The ruling the association announced Friday has been publicly panned as going light in response to one of the worst academic scandals in college sports history, adding to what some observers say is mounting evidence of the NCAA’s continuing weakness in controlling and punishing its member institutions.

After a three-and-half-year investigation, and despite the institution even agreeing that it had engaged in academic fraud, the NCAA said it couldn’t definitively conclude that the “paper courses” in the department of African and Afro-American studies had been designed and offered as an effort to benefit athletes alone. Thus, according to the NCAA's Committee on Infractions, which adjudicates allegations of wrongdoing, the courses did not violate the group's rules.
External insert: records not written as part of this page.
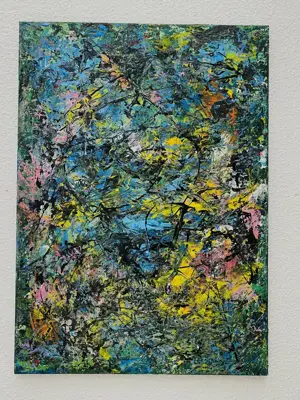 Acrylgemälde Abstrakt auf Leinwand Unikat VHS Bild 3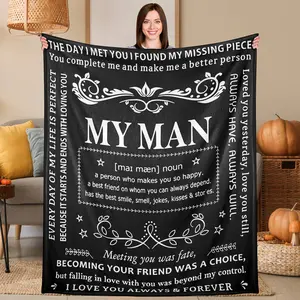 Couples Throw Blanket Flannel Soft Cozy Warm Comfortable Lightweight Portable Gift for Him Boyfriend Husband Anniversary Valentine's Day Couch Bed Travel Romantic Love Design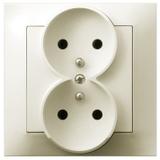 IMPRESJA Gniazdo podwójne z uziemieniem kompletne z ramką - kolor ecru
The university aggressively fought the NCAA's efforts to assert its authority in this case, spending roughly $18 million on legal and other fees. The NCAA's enforcement division, which essentially acts as the prosecutor in infractions cases, had charged North Carolina with "lack of institutional control" and "failure to monitor" its athletes' academic courses, among the most serious charges in the associations' rule book. But the infractions committee said it could not reach those findings because it did not have evidence to prove the underlying charges of awarding "extra benefits" to athletes.

Greg Sankey, commissioner of the Southeastern Conference and leader of infractions panel, said in a statement that his panel was "troubled by the university's shifting positions about whether academic fraud occurred on its campus."

“However, NCAA policy is clear. The NCAA defers to its member schools to determine whether academic fraud occurred and, ultimately, the panel is bound to making decisions within the rules set by the membership," his statement said.

In a conference call with reporters, Sankey acknowledged that “more likely than not” the classes had been set up to keep athletes eligible, but he also said that the evidence put before the committee did not prove so definitively.

“I think it’s important to understand the panel is in no way supporting what happened,” Sankey said.

Instead, the NCAA will forward its decision to the university's accreditor, the Southern Association of Colleges and Schools’ Commission on Colleges, which can address academic inconsistencies. Previously, the body had placed the university on a yearlong probation in 2015, ending in 2016, for violating seven accreditation standards, one of them being academic integrity. It was the strongest punishment the accreditor could deliver besides revoking accreditation entirely.

A Complex and Confounding Case

At its core, the NCAA was examining whether UNC had violated the association's restrictions on “extra benefits,” which refers to certain advantages, such as financial payments or academic assistance, that are offered to athletes but not the wider student body.

A law firm's 2014 report commissioned by the university did find that nonathletes also benefited from the classes. That report, which cited a “woeful lack of oversight” and a culture that confused academic freedom with lack of accountability, concluded that more than 3,100 UNC students enrolled in the courses. About half of those in the 188 faux classes were athletes. Investigators concluded that university employees were aware of the fraud and actively steered athletes and other struggling students to those courses.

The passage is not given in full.